The Beth Chatto Gardens are in Essex, just a few miles outside Colchester. They are open all year round (apart from two weeks between Christmas and New Year), but do check the opening times to plan your visit. It’s a 7-acre site, and a generous amount of the site is actually open to visitors without the need to pay for garden entry.
You can have a day out and enjoy the beautiful and world acclaimed gravel Garden, feast on a light lunch or enjoy refreshments in the stylish and beautiful tea rooms and indulge your passion for plants without purchasing a ticket to the main gardens. There is plenty of free car parking and even space for a coach or two. Dogs, except assistance dogs are not allowed.
Gravel garden
The gravel garden in midsummer is a delight, awash with drought resistant plants from the Mediterranean and other hot dry climates. Huge spires of yellow Verbascum bombyciferum, clumps of vibrant pink Armeria, rock rose, Phlomis, lavender, Parahebe perforata and other summer beauties creating a living tapestry of colour with a scented, ethereal aura. Poppies, grasses, agapanthus, sedums and verbenas all jostle for space in the action packed borders creating colour and interest for the summer months. Benches tucked into the curve of the borders provide plenty of resting spots for the tired and ailing and the chance to sit within the garden and really appreciate the planting and energy.
It’s alive with the buzz of insects, drinking deeply from the nectaries on the flowers. Take time to wander across the gravel walkways that lead around this area and look down to see what plants are joining the borders, by spreading stealthily through the gravel itself.
Pots of wonder
Don’t miss the planted pots and glasshouse around the tearoom and scree garden. Packed full of fabulous succulents, each one a wonderful living sculpture for the greenhouse, conservatory or summer patio. Spikey agaves, glossy heads of aeoniums and a fantastic array of exotic looking echeverias, one Echeveria ‘Mauna Loa’ is a little bit reminiscent of the Star Trek Klingons with its rather warty, frilly leaves.
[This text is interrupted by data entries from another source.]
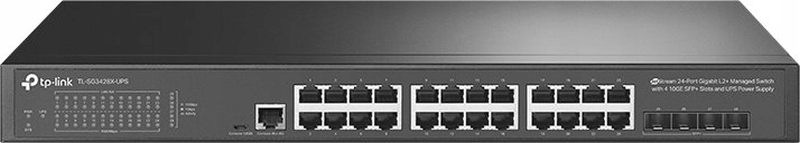 TP-Link TL-SG3428X-UPS JetStream L2 Switch 24x GElan 4x10GE Sfp+ a záložní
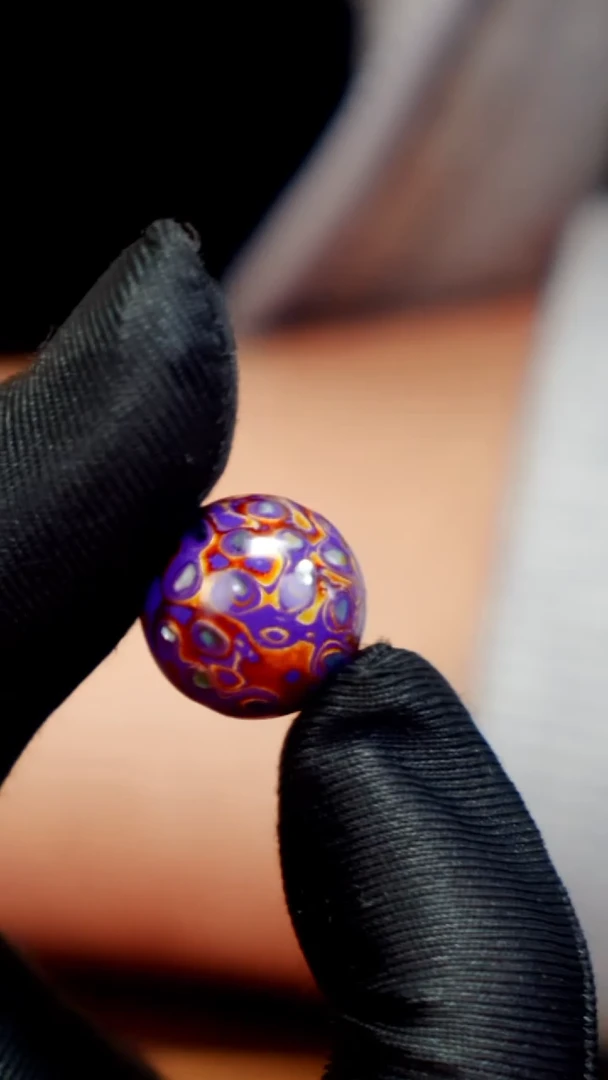 疯子大漆紫金螺钿15mm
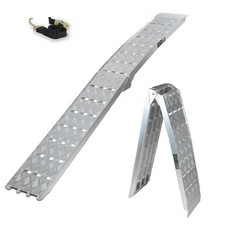 Alu Auffahrrampe Heavy Duty 680 kg klappbar 228 cm Rampe Verladeschiene Motorrad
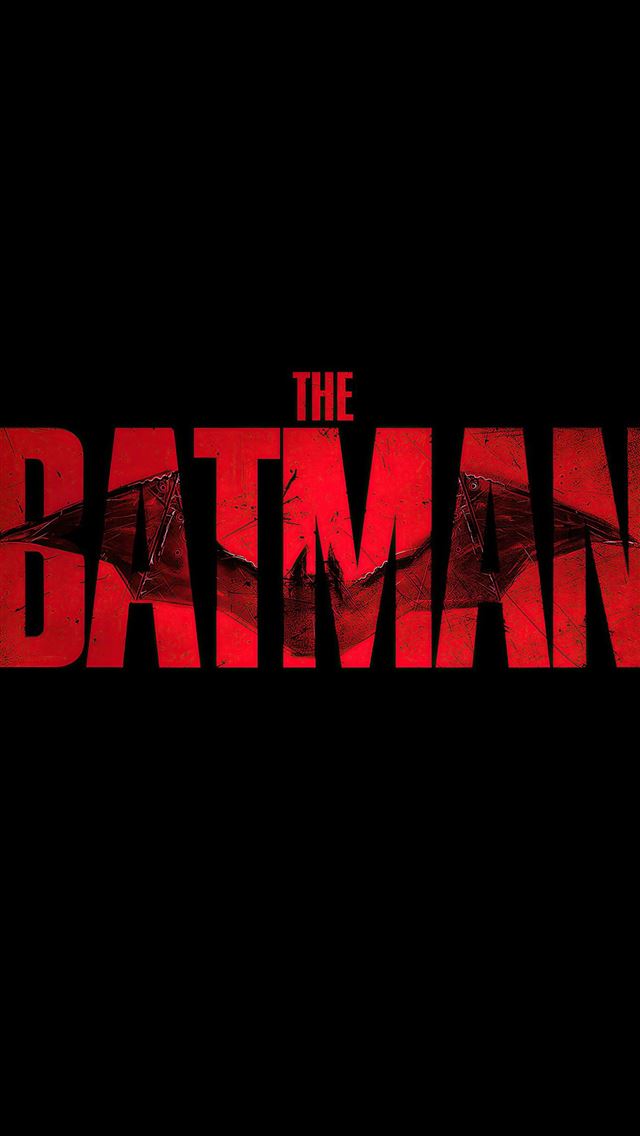 640x1136 the batman logo 2021 8k - the batman iPhone Wallpaper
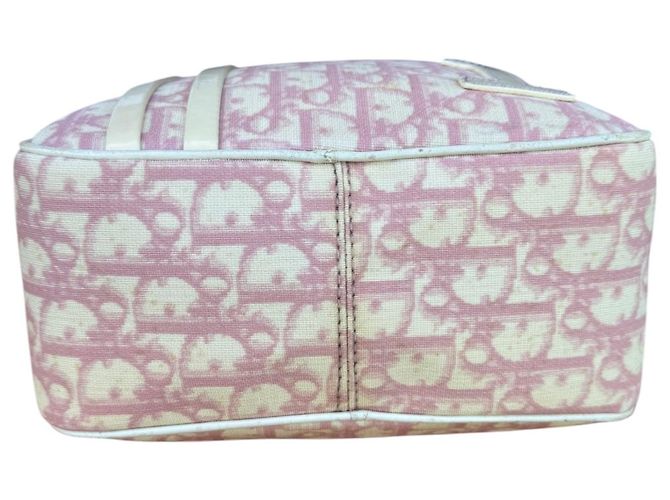 Christian Dior Borsa a Tracolla in Tela Pink Trotter - vista 6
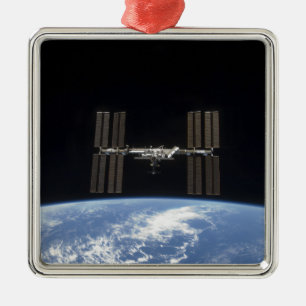 Het internationale ruimtestation 10 metalen ornament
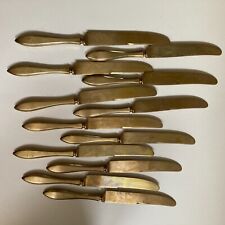Dirigold Dirilyte Goldware Vintage Flatware Butter Knives Regal Set of 12 picture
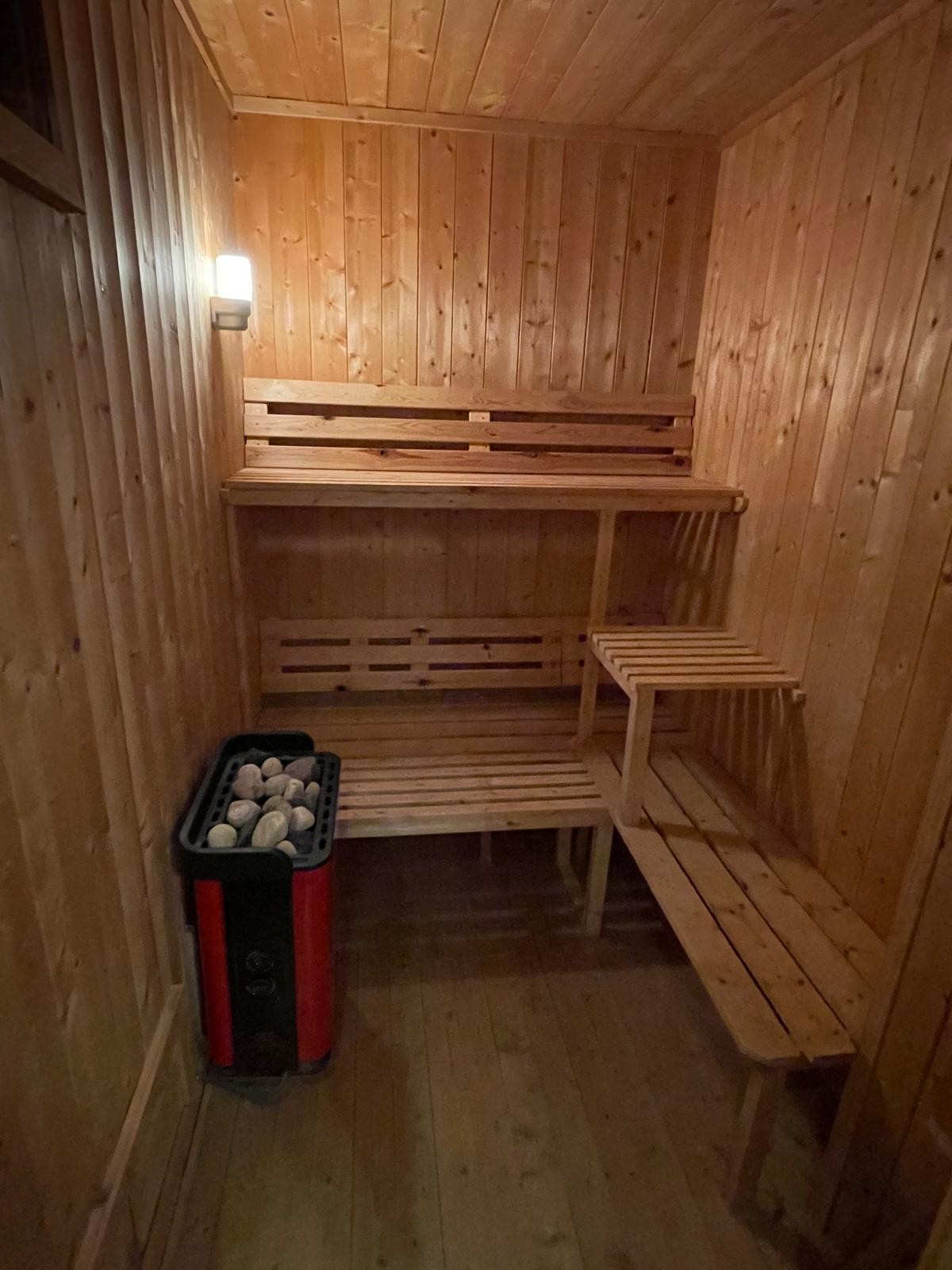 Home sauna with 3 levels Galleribilde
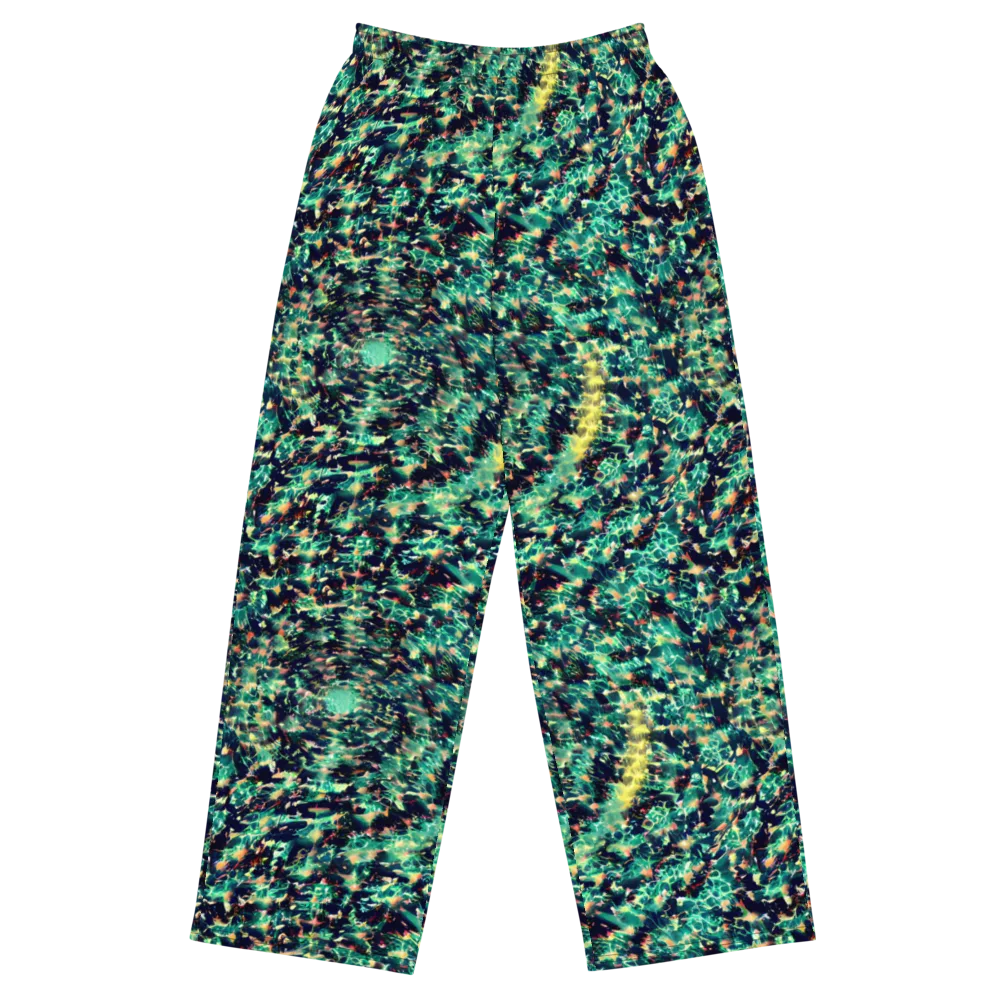 Neon Canopy on Wide-Leg Pants — Front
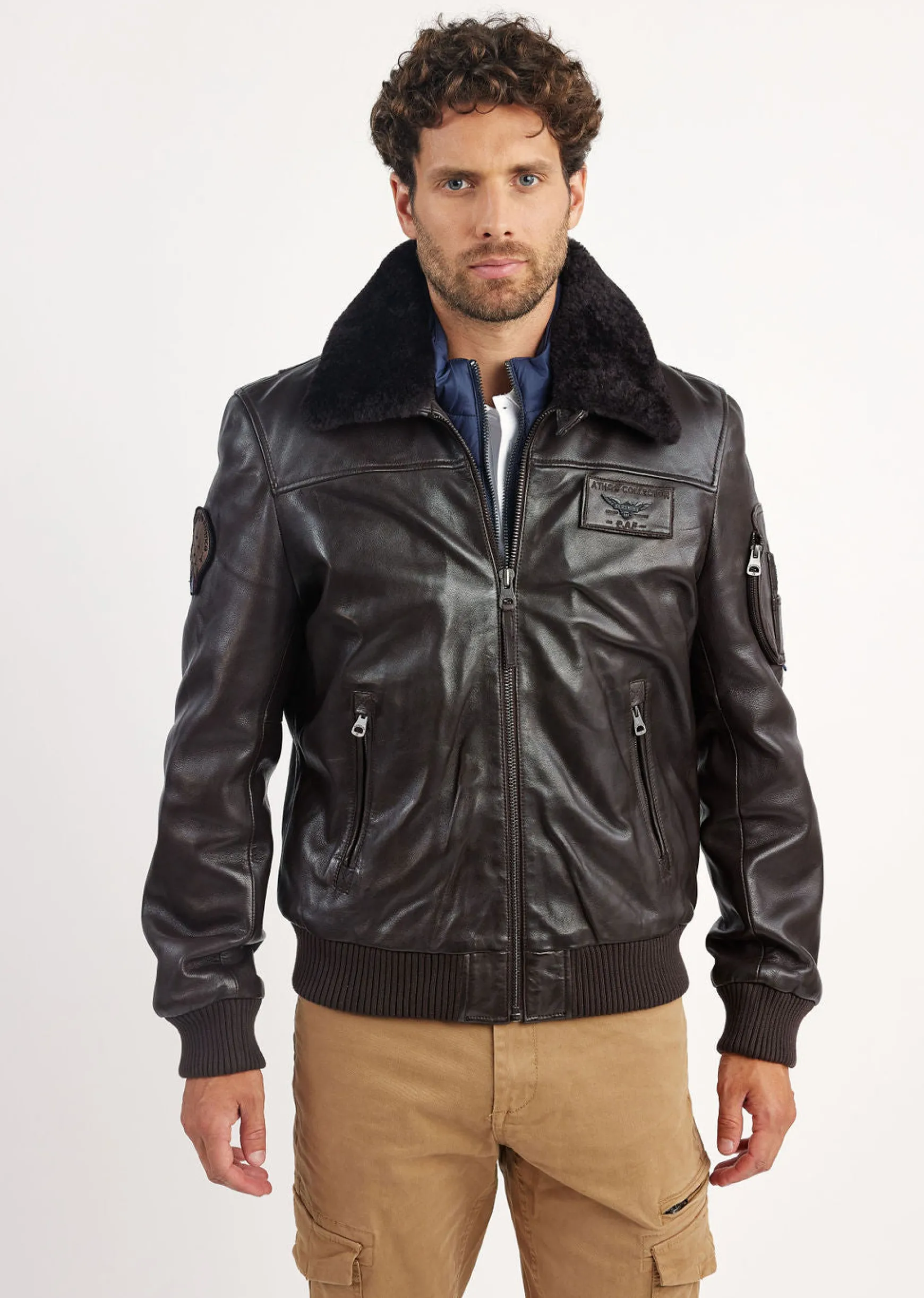 Cuir marron RAFAL YCON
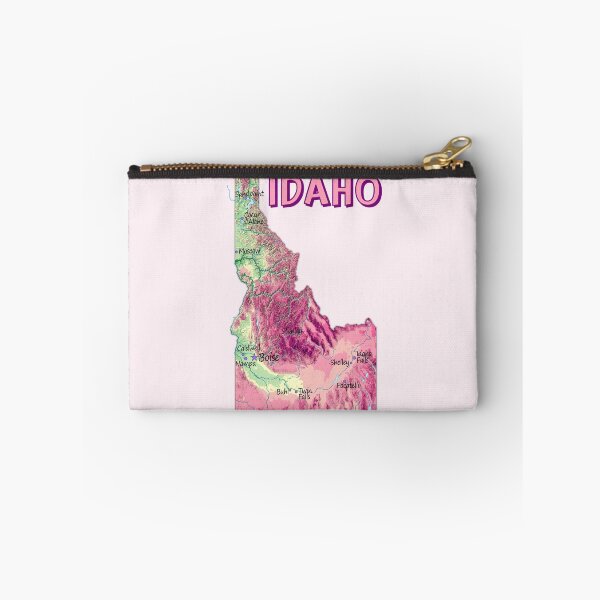 Item preview, Pink Idaho State Topographic Map Art designed and sold by mashmosh.
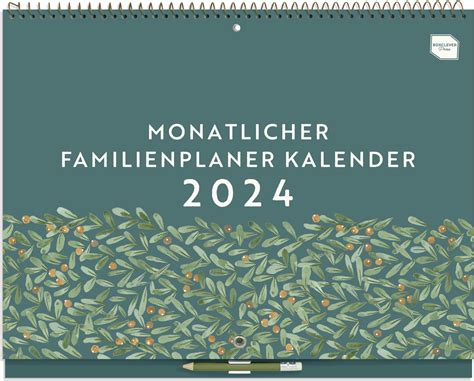 Boxclever Press Monatlicher Familienplaner 2024 6 Spalten Kalender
If you are on a budget, keep your wallet under lock and key as I guarantee you will be enticed to part with your hard earned cash if you have even the slightest interest in plants.
The plant nursery is a sweetshop for plant lovers, packed full of beautiful garden delights, all labeled and presented to lure you to temptation. I couldn’t resist and left with a box full of fabulous, healthy plants to restock my glasshouse and garden. I defy anyone to linger bear the display of houseleeks and not leave with at least a pot of these fascinating little plants. I succumbed to that as well.
Water garden
Entry into the main gardens costs £6.95 and allows you access to the reservoir garden, the water garden and the woodland garden. It’s a stark and very lush contrast with the scree and gravel garden with four shaped ponds at its heart and plenty of marginal and bog loving plants such as primulas, astilbes and rodgersia enjoying the benefits of the adjacent water and some very dramatic specimen trees.
Dodging a few rain showers and with a long drive ahead we were lured back to the tearooms for a cuppa and a last visit to the plant nursery and shop before we left. It was well worth the extensive detour and a fabulous day out. If you are in the area do check it out and if you know any other lovely gardens in the area to visit then let us know.